__Exercise instructions__. Give again, exactly as written, the lines of the records below from the line with "Skyride Gondola" to the line with "2021 FORD BRONCO". Both end lines count; pictures do not.

__Data to process__.
+ + + + +

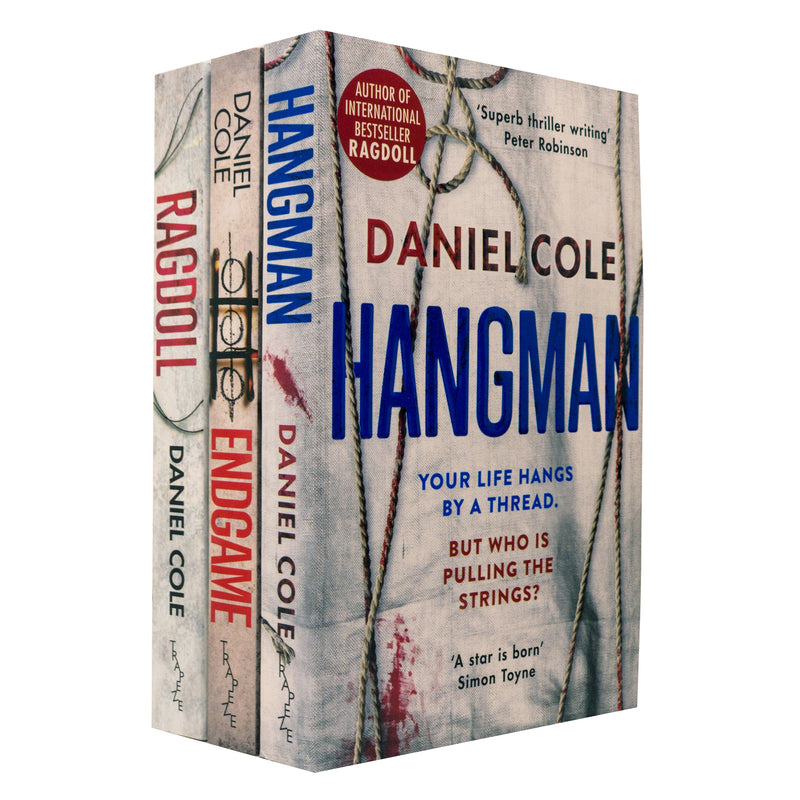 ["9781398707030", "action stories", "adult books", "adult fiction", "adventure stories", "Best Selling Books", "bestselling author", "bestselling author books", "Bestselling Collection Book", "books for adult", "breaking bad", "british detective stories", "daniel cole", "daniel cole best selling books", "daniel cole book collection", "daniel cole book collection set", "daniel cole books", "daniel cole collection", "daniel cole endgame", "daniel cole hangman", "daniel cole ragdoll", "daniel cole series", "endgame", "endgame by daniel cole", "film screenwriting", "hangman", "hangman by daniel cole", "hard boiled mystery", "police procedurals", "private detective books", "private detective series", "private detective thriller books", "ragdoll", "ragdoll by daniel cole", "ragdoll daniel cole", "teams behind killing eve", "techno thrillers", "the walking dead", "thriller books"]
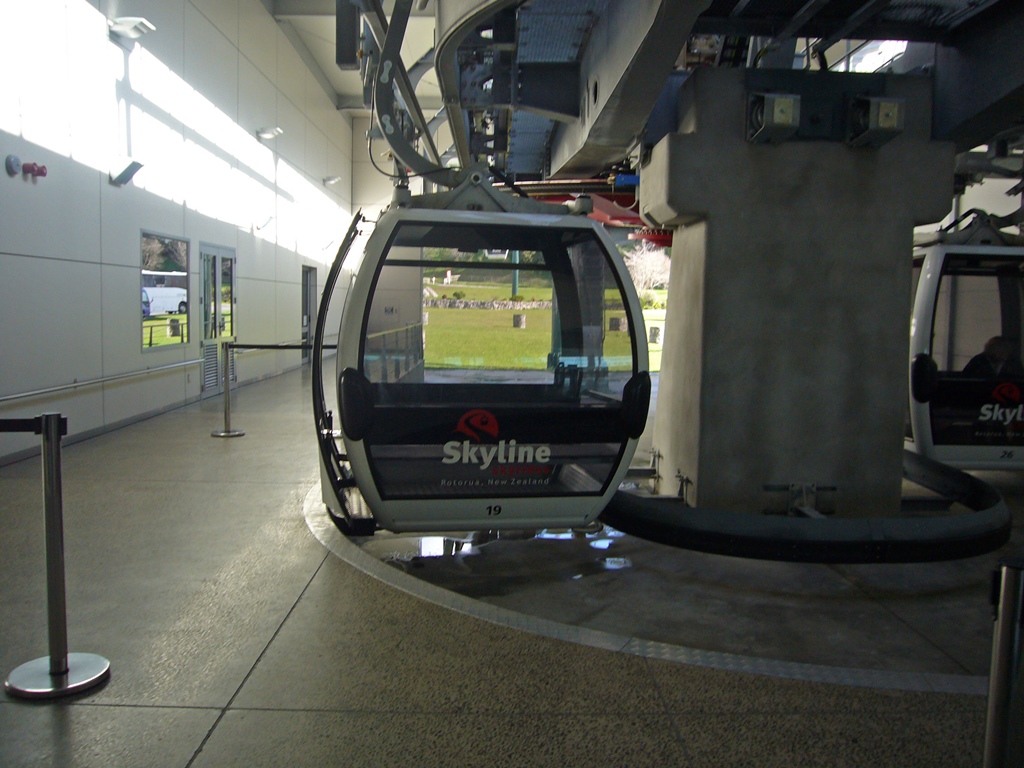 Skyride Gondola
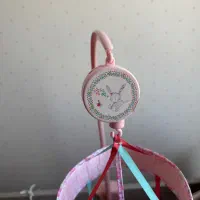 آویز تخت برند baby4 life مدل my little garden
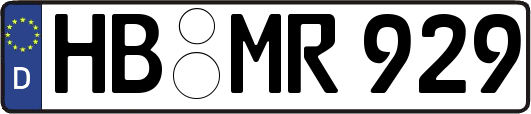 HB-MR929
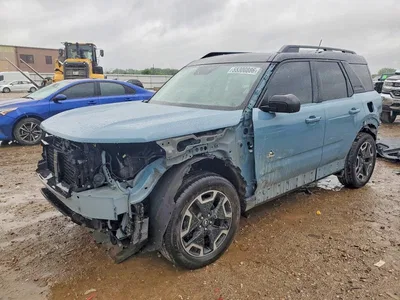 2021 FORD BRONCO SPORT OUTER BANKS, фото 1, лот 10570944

+ + + + +

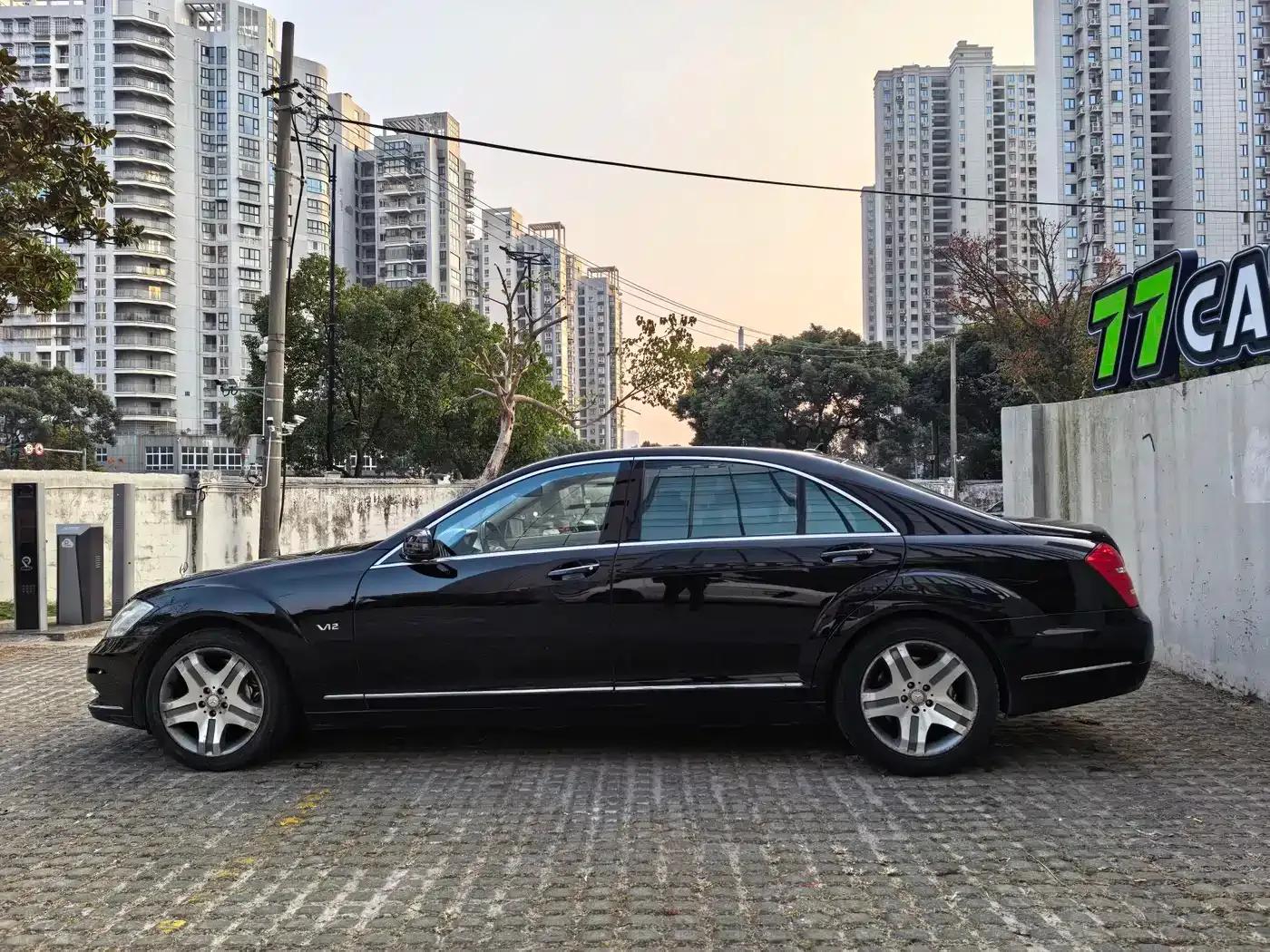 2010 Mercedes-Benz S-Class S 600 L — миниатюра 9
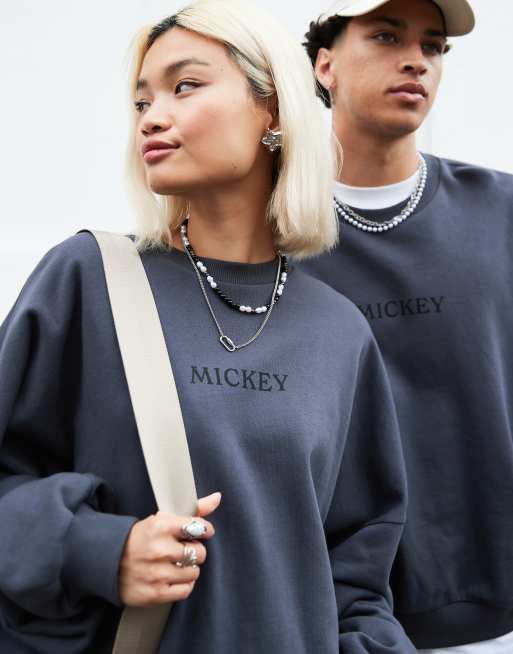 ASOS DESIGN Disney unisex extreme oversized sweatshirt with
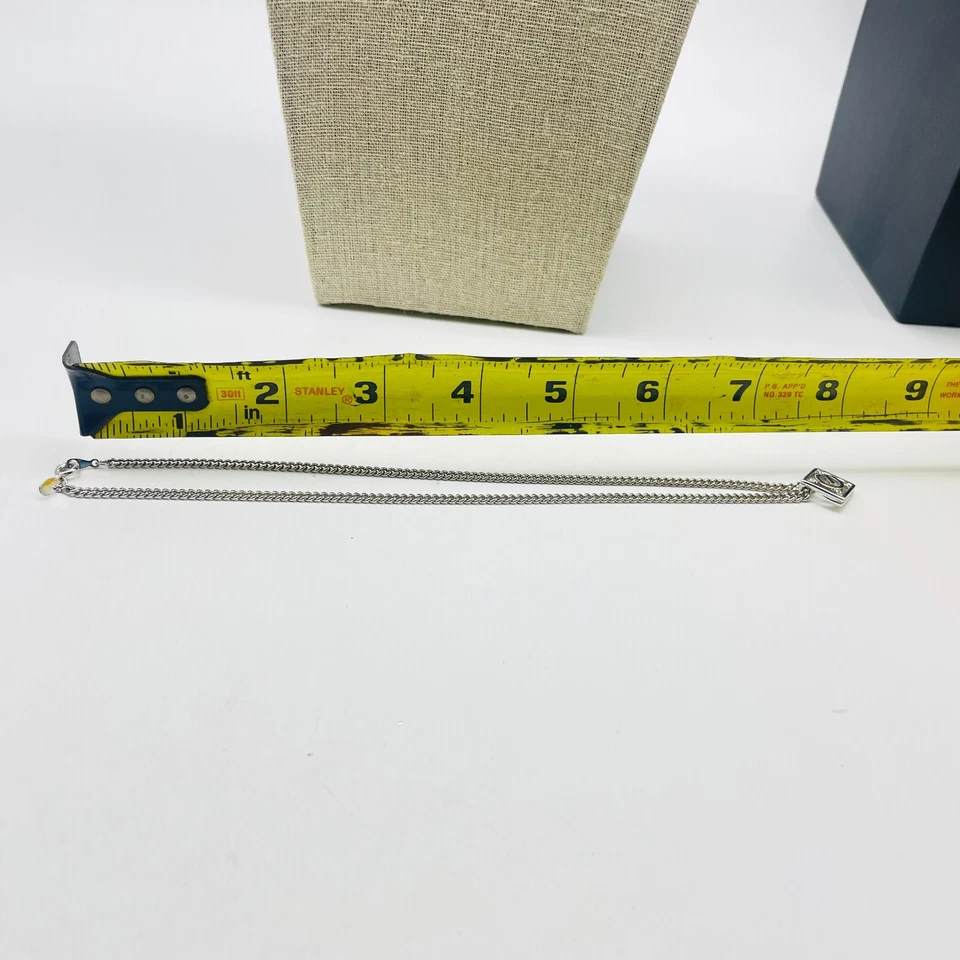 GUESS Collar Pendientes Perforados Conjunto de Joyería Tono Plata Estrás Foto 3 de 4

+ + + + +

__Final answer__.
 Skyride Gondola
 آویز تخت برند baby4 life مدل my little garden
 HB-MR929
 2021 FORD BRONCO SPORT OUTER BANKS, фото 1, лот 10570944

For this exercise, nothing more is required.